Laburzyści infiltrowani przez radykalnych muzułmanów!?
Islamic Forum of Europe (IFE) — które opowiada się za dżihadem i prawem szariatu, chcące sprawić by Wielka Brytania i pozostałe europejskie stały się państwami opartymi na prawie koranicznym, infiltruje Partię Pracy.
Takie rewelacyjne informacje przedstawił w rozmowie z The Sunday Telegraph Jim Fitzpatrick, minister środowiska. Według jego słów muzułmanie stali się aktywni prawie we wszystkich organizacjach, w tym także w partiach politycznych, do których wprowadzają nowych członków i tym sposobem próbują zdobyć wpływy na to co się dzieje w poszczególnych partiach. Dzieje się tak zdaniem ministra zarówno na na szczeblu lokalnym jak i ogólnokrajowym.
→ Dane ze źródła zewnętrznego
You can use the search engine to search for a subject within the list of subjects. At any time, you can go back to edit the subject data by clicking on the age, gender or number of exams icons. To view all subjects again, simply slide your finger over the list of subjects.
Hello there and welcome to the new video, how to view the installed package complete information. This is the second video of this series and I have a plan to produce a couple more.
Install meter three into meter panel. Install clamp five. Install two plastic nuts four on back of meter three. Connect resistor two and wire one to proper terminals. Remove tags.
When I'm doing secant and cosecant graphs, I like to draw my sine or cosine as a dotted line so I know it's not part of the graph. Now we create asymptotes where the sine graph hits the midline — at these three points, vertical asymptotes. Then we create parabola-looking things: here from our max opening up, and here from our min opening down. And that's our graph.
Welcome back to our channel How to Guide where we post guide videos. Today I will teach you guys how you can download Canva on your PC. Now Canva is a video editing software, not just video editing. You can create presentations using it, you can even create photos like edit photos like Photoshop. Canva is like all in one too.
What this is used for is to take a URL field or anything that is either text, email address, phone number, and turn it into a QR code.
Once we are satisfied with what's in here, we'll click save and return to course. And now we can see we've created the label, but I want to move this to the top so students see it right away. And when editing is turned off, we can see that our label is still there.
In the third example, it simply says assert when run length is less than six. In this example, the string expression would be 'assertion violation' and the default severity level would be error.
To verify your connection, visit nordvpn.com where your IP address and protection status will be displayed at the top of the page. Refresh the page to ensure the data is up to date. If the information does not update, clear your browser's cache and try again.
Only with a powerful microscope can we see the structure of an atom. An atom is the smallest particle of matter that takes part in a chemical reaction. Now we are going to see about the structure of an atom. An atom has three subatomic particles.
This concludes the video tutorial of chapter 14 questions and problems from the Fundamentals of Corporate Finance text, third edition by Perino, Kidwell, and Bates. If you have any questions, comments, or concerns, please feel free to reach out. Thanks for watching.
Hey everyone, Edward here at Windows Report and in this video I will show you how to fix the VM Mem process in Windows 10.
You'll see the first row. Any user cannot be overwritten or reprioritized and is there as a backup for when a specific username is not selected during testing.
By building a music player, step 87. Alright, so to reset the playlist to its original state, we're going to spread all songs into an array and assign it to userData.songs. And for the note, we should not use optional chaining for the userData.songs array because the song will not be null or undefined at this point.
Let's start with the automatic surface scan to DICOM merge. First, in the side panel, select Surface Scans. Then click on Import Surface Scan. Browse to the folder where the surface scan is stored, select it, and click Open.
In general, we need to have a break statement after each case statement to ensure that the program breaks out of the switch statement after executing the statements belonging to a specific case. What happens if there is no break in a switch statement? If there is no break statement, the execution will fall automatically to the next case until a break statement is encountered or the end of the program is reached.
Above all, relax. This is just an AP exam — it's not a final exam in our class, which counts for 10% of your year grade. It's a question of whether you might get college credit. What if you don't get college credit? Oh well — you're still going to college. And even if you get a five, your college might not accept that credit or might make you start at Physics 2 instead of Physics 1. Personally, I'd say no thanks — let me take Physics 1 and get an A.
“Oni całkowicie nie zgadzają się z programem wprowadzenia pełnej sekularyzacji Wielkiej Brytanii” - dodaje Jim Fitzpatrick. Na poparcie swoich tez minister podaje przykład wschodni Londyn, gdzie IFE „skorumpowała” jego partię, w taki sam sposób jak w latach osiemdziesiątych Left Militant Tendency.
W ciągu niespełna dwóch lat liczba członków Partii Pracy wzrosła ponad dwukrotnie, mimo że przecież Laburzyści tracą poparcie i raczej normalnym procesem w takiej sytuacji jest odchodzenie członków a nie ich przybywanie.
Dziennikarskie śledztwo jakie przez 6 miesięcy było prowadzone przez Channel 4 wykazało, że aktywiści ruchu pytani przez ukrywających swoją tożsamość dziennikarzy, stwierdzili, że :obecnie IFE wysyłając swoich członków do Partii Pracy konsoliduje się by tym sposobem osiągnąć większą władzę i wpływy w Tower Hamlets, dzielnicy dysponującej ponad miliardowym budżetem. Jakby tego było mało zakładają oni, że ich grupy otrzymają ponad 10 milionów funtów z pieniędzy podatników na przeciwdziałanie ekstremizmowi. Liderzy IFE wypowiadali się też przeciwko demokracji i wyśmiewali się z murzynów. Laburzyści mają obecnie bardzo poważny problem ponieważ IFE, organizowało spotkania z islamskimi terrorystami poszukiwanymi między innymi przez FBI i powiązanymi z zamachami 11 września.